Cries for improving schools in Louisiana are not new. Our state and every other state has concerns about whether our children are getting the education they need to realize their dreams and succeed in life.
Experts generally agree that every child learns in different ways. Many elements need to combine to create the right environment for each student to achieve his or her real potential. That puts a great deal of pressure on schools, teachers and counselors. And some researchers say one particular element that deserves greater attention is being proactive against domestic violence.
Protective orders are one of the means the law provides for dealing with the problem. Men, women and children alike have a right to be free of unwanted attacks and abuse. Stays from the court can be obtained to meet the needs of a specific situation and experienced family law attorneys are in the best position to provide advice and education about what steps to take.

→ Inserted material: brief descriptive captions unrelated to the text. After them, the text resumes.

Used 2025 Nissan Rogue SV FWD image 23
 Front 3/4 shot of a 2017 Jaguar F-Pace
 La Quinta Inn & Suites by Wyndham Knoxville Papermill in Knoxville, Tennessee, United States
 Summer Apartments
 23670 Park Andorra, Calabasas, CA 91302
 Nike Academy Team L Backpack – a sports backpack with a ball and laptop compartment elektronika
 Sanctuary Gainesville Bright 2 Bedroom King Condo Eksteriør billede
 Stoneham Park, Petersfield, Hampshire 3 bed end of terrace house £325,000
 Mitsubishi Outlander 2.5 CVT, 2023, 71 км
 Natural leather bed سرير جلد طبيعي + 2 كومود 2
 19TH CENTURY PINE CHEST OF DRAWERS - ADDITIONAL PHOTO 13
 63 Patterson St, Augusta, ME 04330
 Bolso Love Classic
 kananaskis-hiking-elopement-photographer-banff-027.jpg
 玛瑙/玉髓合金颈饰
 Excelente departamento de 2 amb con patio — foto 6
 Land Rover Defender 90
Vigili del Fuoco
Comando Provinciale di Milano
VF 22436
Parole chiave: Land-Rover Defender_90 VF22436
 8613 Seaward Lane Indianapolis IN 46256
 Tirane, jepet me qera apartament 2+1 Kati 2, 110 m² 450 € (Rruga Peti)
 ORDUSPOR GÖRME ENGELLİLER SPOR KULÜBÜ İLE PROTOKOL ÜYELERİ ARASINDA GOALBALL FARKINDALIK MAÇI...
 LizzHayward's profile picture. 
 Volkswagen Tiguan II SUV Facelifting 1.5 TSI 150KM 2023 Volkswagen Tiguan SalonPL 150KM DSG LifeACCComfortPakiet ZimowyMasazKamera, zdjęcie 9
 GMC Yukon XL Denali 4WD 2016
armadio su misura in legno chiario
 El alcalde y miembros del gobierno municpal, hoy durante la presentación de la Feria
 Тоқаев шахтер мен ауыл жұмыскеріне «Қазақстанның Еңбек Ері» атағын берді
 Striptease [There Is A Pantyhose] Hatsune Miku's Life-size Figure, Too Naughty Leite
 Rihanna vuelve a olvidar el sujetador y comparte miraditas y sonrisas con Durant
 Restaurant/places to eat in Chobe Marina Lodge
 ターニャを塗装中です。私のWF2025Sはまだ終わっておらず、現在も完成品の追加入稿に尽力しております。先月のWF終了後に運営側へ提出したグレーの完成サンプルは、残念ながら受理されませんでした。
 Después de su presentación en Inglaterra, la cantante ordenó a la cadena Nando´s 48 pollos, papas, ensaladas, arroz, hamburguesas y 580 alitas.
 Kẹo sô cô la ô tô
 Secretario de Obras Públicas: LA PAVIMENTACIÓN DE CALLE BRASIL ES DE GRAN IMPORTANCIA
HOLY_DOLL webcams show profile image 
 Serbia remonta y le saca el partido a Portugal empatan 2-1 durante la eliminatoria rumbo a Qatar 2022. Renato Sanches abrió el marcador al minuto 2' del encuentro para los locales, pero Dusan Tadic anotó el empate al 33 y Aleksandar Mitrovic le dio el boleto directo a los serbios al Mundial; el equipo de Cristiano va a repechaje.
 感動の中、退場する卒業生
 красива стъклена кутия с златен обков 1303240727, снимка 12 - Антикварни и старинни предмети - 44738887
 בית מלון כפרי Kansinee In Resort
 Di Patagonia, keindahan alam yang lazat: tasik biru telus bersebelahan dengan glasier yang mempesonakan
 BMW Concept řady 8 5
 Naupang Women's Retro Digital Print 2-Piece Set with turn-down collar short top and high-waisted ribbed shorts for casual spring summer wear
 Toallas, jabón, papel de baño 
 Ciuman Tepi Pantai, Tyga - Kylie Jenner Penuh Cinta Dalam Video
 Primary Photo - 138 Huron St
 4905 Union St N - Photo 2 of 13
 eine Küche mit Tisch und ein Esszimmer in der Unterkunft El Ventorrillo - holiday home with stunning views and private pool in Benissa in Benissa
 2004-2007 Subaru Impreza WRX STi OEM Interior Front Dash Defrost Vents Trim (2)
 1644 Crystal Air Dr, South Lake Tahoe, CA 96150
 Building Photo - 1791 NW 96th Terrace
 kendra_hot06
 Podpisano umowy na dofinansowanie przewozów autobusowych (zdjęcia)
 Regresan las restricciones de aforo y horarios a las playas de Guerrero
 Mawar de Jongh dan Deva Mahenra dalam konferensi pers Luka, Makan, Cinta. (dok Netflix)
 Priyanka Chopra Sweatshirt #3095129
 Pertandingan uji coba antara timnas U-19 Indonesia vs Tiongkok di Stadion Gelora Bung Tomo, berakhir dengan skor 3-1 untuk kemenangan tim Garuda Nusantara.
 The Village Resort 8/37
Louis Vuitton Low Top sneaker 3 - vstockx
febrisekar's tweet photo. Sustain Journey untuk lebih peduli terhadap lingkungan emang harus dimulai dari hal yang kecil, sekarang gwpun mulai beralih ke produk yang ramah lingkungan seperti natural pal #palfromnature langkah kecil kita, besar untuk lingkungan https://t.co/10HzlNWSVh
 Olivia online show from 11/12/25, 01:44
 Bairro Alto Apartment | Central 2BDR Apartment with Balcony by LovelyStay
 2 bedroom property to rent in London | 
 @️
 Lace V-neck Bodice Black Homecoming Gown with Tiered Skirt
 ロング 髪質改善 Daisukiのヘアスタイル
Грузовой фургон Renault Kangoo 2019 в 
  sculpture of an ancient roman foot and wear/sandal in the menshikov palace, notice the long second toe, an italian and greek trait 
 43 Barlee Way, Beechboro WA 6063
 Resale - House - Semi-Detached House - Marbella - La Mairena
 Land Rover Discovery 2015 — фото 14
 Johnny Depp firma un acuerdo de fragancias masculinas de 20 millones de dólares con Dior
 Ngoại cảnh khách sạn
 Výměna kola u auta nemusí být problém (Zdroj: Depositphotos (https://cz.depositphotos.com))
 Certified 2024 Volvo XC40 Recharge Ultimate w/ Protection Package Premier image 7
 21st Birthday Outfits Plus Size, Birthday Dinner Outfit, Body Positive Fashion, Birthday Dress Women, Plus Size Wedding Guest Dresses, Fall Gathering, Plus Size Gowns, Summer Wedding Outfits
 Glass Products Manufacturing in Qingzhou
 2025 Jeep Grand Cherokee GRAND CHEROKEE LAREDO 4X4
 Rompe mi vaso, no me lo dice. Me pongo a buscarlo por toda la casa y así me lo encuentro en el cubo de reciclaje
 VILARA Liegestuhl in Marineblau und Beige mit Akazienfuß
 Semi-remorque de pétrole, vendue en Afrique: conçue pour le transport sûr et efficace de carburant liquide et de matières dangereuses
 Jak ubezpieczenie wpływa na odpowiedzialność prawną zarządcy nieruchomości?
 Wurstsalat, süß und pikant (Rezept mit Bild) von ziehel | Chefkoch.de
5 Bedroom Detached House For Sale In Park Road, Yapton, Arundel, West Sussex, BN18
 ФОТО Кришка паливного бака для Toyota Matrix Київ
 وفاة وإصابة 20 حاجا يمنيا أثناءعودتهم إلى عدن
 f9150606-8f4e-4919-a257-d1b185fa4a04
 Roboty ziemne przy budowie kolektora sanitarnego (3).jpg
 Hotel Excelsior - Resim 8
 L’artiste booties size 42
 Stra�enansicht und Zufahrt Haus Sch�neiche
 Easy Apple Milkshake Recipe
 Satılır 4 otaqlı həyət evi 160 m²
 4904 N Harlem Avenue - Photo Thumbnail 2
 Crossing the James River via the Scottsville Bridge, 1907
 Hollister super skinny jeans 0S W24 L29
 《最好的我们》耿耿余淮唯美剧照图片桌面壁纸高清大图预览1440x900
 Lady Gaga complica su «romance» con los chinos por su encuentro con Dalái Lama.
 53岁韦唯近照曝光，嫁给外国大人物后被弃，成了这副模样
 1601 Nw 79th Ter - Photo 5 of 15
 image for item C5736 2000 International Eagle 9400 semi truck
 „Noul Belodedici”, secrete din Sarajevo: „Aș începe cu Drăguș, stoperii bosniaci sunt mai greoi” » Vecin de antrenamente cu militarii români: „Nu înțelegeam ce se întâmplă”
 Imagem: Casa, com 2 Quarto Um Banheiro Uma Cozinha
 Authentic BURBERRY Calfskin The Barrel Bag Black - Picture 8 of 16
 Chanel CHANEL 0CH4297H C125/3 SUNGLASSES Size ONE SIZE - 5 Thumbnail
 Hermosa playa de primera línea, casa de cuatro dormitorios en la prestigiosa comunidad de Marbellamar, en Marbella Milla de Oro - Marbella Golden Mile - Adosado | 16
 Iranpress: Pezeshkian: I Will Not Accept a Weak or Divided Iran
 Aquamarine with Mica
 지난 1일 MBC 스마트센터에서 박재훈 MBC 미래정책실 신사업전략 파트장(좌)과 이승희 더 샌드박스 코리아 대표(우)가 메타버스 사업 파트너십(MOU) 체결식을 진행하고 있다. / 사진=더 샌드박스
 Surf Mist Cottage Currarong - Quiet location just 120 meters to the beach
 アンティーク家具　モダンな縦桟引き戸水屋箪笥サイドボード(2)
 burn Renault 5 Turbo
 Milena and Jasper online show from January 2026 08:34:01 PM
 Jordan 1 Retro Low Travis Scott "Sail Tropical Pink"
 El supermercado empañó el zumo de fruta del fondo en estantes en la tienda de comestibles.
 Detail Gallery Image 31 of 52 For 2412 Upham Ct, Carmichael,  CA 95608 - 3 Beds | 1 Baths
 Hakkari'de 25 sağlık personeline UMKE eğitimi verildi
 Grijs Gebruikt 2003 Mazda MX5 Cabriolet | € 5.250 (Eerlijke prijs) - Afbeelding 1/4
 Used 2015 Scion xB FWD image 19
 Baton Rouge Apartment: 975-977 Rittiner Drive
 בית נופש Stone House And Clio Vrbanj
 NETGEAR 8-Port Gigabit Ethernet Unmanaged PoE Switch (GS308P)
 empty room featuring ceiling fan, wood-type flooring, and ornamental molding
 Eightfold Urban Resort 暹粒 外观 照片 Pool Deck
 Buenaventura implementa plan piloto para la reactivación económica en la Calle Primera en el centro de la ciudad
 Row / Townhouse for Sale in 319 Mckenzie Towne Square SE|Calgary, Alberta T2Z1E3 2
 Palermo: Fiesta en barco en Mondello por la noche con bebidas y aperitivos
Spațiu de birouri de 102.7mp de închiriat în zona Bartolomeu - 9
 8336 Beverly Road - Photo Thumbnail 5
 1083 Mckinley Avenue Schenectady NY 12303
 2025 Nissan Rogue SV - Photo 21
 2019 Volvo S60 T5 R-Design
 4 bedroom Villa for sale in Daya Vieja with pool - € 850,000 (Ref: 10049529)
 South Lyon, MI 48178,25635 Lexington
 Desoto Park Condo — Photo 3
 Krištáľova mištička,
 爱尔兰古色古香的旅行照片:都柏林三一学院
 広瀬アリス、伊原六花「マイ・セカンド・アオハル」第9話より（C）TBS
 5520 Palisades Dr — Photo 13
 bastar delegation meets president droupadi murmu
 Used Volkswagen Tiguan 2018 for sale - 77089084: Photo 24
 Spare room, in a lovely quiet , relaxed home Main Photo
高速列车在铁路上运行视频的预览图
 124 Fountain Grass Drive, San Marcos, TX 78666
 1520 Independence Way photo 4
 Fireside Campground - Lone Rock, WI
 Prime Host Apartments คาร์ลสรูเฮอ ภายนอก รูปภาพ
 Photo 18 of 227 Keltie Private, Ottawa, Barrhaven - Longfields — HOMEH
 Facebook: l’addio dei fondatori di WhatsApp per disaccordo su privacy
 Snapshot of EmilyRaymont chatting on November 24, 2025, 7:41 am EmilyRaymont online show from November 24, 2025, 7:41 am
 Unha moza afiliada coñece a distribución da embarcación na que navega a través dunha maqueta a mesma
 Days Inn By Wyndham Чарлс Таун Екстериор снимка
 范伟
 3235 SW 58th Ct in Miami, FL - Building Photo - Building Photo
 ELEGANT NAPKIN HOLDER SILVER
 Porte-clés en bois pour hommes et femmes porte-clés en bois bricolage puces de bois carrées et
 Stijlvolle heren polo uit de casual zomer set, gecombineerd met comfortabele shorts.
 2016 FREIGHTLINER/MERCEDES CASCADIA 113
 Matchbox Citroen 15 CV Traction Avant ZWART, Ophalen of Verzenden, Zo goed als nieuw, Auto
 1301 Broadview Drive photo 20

The effects of domestic violence are not limited to the home in which it occurs. Researchers who have studied the phenomena have learned that in addition to direct victims harmed, children who witness the violence can become carriers of a sort, bringing violence into school and touching every child in a classroom.
Domestic violence may lead child witnesses to act out in school creating disruptions that may be potentially hazardous to others. In addition, researchers say the effects manifest in lower test scores and reduced numbers of students going onto and completing higher education. Economists say it can mean lower lifetime earning power for affected students, too.
The one thing researchers say makes the greatest difference is reporting domestic violence. They say making it formal makes it possible for, and may even force, educators and schools to act.
For the sake of every child’s future, it is apparent that reporting domestic violence helps. And seeking an enforceable restraining order can help, too.